Archives du mot-clé Rap

Same love – Macklemore

Et si la musique existait, non pas pour nous divertir, mais pour nous engager, pour nous muer, pour nous faire réfléchir, pour faire vibrer en nous une émotion, pour en sortir grandi ? Pour ébranler nos convictions, pour mûrir notre réflexion, pour nous sortir des tripes une envie de changer les choses, de faire de notre planète un monde différent, l’envie de laisser une trace un peu plus intéressante à nos enfants. L’envie de se dépasser, d’aller plus loin.

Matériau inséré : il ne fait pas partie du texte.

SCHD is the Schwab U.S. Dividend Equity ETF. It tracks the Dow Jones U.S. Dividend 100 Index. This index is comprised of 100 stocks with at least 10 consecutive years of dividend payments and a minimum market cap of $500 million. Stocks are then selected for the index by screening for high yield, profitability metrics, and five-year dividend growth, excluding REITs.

La liste des courses est ambitieuse. Et certaines chansons pourraient bien la rallonger de quelques pages encore tant l’impact qu’elles ont sur nous est fort. On en ressort différent. Une larme jaillit parfois à la première écoute, comme une révélation d’un texte qui nous touche au plus profond de notre être, qui dévoile en nous ce petit quelque chose qui fait toute la différence et qui changera notre écoute du morceau en question pour la vie.

Ces chansons, heureusement, il y en a beaucoup. Elles appartiennent à un répertoire d’engagement sincère qui fait du bien. Qui nous rappelle l’importance de certaines thématiques et nous remet un peu en place, nous et nos problèmes de riches. Ce répertoire, le voilà avantageusement complété par un rap, ce qui vaut son pesant de cacahuètes tant on sait les rappeurs avares en plaidoyers sincères sur les grands faits de notre société (et ce n’est pas Eminem et ses 26 bitch toutes les deux phrases qui me contredira). Voilà donc un rappeur de style, de talent, et aux convictions touchantes. Plongeons-nous dans « Same Love », de l’artiste Macklemore.

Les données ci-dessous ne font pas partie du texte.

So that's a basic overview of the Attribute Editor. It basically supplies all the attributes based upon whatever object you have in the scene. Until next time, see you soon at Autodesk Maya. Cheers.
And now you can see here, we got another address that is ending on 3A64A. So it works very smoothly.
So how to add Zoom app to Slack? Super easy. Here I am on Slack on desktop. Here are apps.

Macklemore, c’est le jeune bogosse à la grosse b*** de « Thrift Shop », c’est « Ten Thousand Hours» ou « Can’t hold us », ces tubes qui ont fait le tour de la planète en 2013. Des rythmes prenants, qui sortent des codes habituellement associés au rap, avec des mélodies qui n’ont rien à envier aux genres de musique qui me sont plus proches (pop, jazz, rock, etc.). Bref, un rap plaisant qui n’a pas grand-chose à voir avec le rap bas-de-gamme de 50 cent et autres Nicki Minaj.

Son titre « Same Love », c’est son cri contre l’homophobie rampante dont souffre notre société et qui, aux Etats-Unis, prend une ampleur inquiétante.

Quand j’étais en troisième, j’ai pensé que j’étais gay. Parce que je pouvais dessiner, que mon oncle l’était, et que je rangeais ma chambre. Je pleurais, ai confié mes doutes à ma mère. Elle m’a dit « Ben, tu aimes les filles depuis la maternelle ! » Je dois admettre qu’elle marque un point…

J’écoute le premier couplet et je repense à tous ces enfants qui ne parlent pas à leur mère lorsqu’ils découvrent leur identité sexuelle. Je pense à ceux qui risquent la peine de mort à l’idée même de désirer une personne du même sexe et qui ne pourront jamais confier leurs doutes, qui ne pourront jamais avoir une discussion sincère avec leur mère, et qui ne sauront pas davantage que leur oncle préfère les hommes.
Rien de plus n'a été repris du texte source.